冬から冬までの物語(その後にエピローグと言うべきエピソードがある)。冒頭、ロサンゼルスのフリーウェイで渋滞した車のドライバーたちが次々に外に出て歌い踊り始める。曲はリズミカルな「アナザー・デイ・オブ・サン」。カットを割らずに踊り手にクローズアップしたり、クレーンを使ったりして、ワンカットで描かれる楽しくて躍動的なオープニングだ。この渋滞の中にミア(エマ・ストーン)とセブ(ライアン・ゴズリング)がいて、2人は最良とは言えない出会いをする。ミアは女優を夢見て、カフェで働きながらオーディションを受け続けている。セブは自分の店を持つのが夢のジャズピアニスト。2人の境遇を描く冬のパートに続いて、春のパートがa-haの「テイク・オン・ミー」のメロディーで始まる。
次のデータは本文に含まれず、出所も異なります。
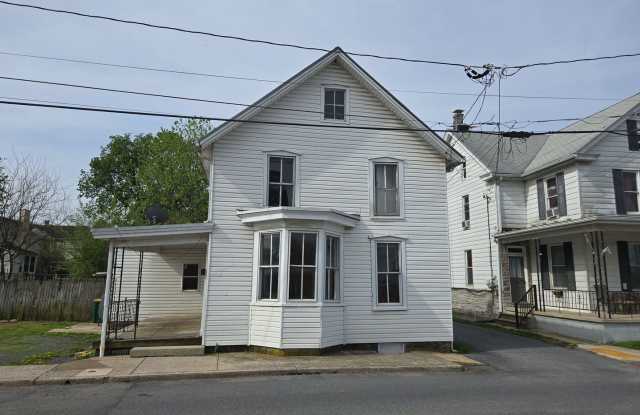 2 Bedroom Single Family Home in Chambersburg Borough photos photos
3度目の出会いをした2人の間には恋が芽生え、夏のパートでそれが燃え上がる。ロスの夜景が美しい高台で2人がタップダンスを踊る「ア・ラブリー・ナイト」はロマンティックでキュート、とても愛らしく微笑ましい。歌と踊りのベストシーンだ。セブは知人のミュージシャン、キース(ジョン・レジェンド)に誘われ、バンドのキーボードを担当することになる。ジャズではないので望まない仕事だったが、ミアとの将来を考えた上での決断だった。
そして秋(Autumnではなく、Fall)。バンドが売れて忙しくなったセブと、ミアはすれ違いが多くなる。夢を捨てたかのように見えるセブに対して、ミアは怒りをぶつけてしまう。オーディションを落ち続けていたミアは2次のオーディションに進むが、演技をする間もなく簡単に落とされる。ちょっと抵抗しそうになって考え直し、「ありがとう、楽しかったわ」と礼を言うミアの姿が切ない。ここからの展開に胸を打たれた。この後、ミアには残酷で大変な失意のシーンがあるが、ミアはセブの励ましでそれを乗り越えていくのだ。
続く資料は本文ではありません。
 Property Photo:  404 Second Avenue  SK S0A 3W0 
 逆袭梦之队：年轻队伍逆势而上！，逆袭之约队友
主演のエマ・ストーンは15歳からオーディションを受け続けてきたので、この役に共感する部分が多かったという。だから「オーディション(ザ・フールズ・フー・ドリーム)」を熱唱する場面が胸に迫る。それはゴズリングにも監督にも共通することなのではないか。周知の通り、デイミアン・チャゼルは最初にこの映画を撮りたかったが、新人にこれだけの予算を任せる映画会社はなく、自分の実力を証明するために低予算の「セッション」を撮った。その「セッション」、一般的な評価は高かったが、あまりにも主演2人のキャラがバカすぎて僕は褒める気にならなかった。なぜああいう映画になったのか、今にして分かる。チャゼルは2作目と同じ作品になることを避けるために、自分が本当に撮りたかったものを省いて物語を作ったのだろう。「セッション」もまた自分の夢を実現したい男2人の映画ではあったのだ。
「ラ・ラ・ランド」は何よりもまず今現在、夢に向かって苦闘している人たちへの応援歌になるだろう。そしてかつて夢を追ったことのある人たちもまた熱い共感を持ってこの映画を受け止めるに違いない。すべてがうまく行くわけではないビターな結末だが、これもまたハッピーエンドなのだ。アカデミー賞では監督、主演女優、作曲、歌曲、美術、撮影の6部門を受賞した。